Records shown:
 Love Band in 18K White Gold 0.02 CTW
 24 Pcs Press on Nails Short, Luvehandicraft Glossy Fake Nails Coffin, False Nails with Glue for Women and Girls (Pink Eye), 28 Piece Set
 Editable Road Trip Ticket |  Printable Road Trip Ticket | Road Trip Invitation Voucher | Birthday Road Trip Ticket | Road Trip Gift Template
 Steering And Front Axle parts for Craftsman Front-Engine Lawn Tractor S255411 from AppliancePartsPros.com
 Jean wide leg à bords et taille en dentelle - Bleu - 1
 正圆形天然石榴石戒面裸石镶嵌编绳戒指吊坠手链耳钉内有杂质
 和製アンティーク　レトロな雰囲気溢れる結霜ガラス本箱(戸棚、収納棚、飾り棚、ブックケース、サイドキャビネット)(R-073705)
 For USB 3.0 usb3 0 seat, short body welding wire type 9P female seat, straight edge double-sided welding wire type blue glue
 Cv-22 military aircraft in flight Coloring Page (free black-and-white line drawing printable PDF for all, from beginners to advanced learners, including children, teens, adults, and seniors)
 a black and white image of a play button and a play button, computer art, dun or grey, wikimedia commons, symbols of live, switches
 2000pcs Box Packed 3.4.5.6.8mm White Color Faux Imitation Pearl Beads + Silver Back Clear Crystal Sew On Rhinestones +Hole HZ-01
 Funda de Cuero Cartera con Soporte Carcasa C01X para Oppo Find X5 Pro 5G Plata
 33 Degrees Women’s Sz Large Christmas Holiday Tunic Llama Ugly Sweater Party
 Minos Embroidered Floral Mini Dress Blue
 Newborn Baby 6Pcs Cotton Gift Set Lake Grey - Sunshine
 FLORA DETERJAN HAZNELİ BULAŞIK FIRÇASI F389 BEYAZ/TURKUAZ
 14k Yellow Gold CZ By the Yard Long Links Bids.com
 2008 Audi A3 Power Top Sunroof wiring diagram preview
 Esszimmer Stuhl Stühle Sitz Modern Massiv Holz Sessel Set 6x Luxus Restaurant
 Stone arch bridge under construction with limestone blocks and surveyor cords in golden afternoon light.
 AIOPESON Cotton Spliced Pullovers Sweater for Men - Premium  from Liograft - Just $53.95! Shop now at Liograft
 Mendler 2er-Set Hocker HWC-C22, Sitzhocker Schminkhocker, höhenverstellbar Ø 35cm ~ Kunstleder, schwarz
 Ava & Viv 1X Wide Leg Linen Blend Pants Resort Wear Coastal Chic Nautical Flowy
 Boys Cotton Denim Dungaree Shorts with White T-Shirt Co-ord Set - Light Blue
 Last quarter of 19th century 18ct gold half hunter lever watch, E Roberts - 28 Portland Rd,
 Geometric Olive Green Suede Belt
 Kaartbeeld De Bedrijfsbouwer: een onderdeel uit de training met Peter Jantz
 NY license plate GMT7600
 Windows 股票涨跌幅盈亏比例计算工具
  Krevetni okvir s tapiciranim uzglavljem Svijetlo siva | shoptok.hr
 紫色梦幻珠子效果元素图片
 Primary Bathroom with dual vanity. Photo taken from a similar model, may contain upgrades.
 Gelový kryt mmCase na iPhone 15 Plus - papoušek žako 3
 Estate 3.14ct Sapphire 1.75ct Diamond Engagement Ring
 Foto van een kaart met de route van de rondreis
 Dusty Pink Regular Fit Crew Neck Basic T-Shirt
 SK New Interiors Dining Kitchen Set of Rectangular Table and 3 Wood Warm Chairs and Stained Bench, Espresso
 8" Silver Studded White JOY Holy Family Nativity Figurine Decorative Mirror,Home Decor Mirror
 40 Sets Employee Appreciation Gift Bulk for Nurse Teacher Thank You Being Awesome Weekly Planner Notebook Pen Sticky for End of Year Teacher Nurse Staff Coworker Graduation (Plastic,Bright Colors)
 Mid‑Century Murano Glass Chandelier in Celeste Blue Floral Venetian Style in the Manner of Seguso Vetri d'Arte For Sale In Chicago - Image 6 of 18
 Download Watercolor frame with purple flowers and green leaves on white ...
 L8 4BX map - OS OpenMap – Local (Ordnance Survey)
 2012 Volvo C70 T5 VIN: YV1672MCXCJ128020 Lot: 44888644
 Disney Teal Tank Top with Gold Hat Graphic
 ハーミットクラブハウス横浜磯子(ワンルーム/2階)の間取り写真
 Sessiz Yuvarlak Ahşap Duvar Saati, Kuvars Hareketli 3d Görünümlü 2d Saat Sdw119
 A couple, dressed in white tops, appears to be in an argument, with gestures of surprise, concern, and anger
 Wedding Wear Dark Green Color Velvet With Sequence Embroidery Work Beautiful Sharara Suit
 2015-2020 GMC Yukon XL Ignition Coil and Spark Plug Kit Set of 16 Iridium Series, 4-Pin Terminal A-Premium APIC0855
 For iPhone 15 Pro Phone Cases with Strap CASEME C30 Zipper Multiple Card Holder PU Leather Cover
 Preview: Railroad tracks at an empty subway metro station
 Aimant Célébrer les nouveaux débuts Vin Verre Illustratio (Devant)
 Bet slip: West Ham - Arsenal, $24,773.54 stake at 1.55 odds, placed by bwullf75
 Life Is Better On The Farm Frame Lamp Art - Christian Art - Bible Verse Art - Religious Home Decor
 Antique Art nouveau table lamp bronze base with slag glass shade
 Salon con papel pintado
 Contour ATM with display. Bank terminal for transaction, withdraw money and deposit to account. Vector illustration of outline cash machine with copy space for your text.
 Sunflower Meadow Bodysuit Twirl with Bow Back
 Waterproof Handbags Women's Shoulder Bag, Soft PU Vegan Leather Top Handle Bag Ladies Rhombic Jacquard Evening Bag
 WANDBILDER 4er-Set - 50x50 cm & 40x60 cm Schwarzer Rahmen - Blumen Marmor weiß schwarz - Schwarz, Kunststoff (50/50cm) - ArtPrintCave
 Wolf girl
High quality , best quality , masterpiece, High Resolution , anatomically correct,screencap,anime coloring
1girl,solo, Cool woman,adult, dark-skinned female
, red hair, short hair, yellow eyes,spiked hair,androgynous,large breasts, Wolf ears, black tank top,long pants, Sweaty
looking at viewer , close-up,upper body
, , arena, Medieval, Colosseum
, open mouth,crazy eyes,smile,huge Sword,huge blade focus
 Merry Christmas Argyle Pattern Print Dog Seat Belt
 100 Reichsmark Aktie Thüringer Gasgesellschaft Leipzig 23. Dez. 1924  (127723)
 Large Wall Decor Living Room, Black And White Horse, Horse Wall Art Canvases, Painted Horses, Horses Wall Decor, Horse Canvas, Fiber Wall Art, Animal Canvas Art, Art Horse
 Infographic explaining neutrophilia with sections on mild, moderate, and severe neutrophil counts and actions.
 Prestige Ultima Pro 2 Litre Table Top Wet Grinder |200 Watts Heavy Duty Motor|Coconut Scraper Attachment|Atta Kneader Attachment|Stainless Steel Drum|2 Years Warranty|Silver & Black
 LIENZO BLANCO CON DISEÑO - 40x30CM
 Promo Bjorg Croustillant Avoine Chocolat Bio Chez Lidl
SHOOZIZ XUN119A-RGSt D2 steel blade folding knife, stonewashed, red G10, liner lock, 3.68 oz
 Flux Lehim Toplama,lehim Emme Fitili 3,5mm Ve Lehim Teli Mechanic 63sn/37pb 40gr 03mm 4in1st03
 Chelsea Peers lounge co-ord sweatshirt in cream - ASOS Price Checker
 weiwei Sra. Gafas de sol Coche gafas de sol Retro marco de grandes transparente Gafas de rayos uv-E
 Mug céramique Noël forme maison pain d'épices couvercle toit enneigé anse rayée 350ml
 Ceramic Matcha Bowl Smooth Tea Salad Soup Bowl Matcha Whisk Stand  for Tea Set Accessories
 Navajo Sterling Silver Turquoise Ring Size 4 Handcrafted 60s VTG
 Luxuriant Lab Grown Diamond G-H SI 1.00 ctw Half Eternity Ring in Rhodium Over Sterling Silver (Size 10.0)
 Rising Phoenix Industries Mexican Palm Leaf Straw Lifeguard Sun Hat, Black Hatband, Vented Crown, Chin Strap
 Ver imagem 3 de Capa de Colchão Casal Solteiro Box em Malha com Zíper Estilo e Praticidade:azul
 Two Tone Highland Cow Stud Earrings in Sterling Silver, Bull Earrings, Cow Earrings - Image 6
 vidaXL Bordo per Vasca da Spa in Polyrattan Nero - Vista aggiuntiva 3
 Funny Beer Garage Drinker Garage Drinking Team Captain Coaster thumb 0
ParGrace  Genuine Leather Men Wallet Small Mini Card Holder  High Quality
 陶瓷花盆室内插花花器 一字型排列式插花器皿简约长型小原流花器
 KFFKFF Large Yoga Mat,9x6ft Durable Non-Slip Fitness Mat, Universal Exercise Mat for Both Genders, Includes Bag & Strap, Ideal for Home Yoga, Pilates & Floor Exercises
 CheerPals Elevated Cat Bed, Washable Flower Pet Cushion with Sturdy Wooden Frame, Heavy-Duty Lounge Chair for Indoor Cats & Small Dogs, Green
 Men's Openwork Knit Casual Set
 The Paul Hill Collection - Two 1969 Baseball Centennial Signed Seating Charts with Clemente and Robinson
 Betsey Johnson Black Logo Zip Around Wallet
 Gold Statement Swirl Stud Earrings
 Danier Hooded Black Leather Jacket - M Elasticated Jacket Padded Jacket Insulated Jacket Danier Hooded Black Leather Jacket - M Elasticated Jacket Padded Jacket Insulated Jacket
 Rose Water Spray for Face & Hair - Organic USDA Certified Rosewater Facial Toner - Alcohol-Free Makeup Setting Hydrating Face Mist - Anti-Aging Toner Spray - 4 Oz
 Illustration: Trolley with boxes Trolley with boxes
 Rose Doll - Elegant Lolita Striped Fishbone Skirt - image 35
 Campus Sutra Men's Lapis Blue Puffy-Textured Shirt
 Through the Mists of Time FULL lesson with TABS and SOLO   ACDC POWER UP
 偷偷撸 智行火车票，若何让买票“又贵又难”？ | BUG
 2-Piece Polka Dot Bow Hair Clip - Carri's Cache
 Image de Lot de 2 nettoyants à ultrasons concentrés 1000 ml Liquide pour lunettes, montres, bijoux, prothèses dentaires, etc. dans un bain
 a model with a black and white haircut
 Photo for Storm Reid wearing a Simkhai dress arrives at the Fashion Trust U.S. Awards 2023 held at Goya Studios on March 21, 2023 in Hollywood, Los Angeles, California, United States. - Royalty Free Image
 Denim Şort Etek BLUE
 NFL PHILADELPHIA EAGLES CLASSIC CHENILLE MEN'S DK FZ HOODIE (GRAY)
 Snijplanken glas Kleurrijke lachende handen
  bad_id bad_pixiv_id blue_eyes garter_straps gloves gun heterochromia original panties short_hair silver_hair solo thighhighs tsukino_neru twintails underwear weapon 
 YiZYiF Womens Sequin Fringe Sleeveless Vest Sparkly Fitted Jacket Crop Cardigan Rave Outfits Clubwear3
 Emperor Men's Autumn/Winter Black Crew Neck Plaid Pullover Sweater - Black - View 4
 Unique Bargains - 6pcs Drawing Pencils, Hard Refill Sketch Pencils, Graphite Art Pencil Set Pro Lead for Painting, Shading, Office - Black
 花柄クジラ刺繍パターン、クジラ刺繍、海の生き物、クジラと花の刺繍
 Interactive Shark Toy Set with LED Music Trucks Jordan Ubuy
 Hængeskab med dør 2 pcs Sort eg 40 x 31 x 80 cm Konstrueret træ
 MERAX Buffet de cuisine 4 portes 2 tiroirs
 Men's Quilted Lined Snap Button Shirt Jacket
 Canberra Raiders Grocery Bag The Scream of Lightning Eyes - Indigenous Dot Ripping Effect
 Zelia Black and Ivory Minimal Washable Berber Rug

Goal of the exercise:
Look above for the line containing "Illustration: Trolley with". Output from there through the line containing "2-Piece Polka Dot", exactly and inclusively.

Solution to this task:
 Illustration: Trolley with boxes Trolley with boxes
 Rose Doll - Elegant Lolita Striped Fishbone Skirt - image 35
 Campus Sutra Men's Lapis Blue Puffy-Textured Shirt
 Through the Mists of Time FULL lesson with TABS and SOLO   ACDC POWER UP
 偷偷撸 智行火车票，若何让买票“又贵又难”？ | BUG
 2-Piece Polka Dot Bow Hair Clip - Carri's Cache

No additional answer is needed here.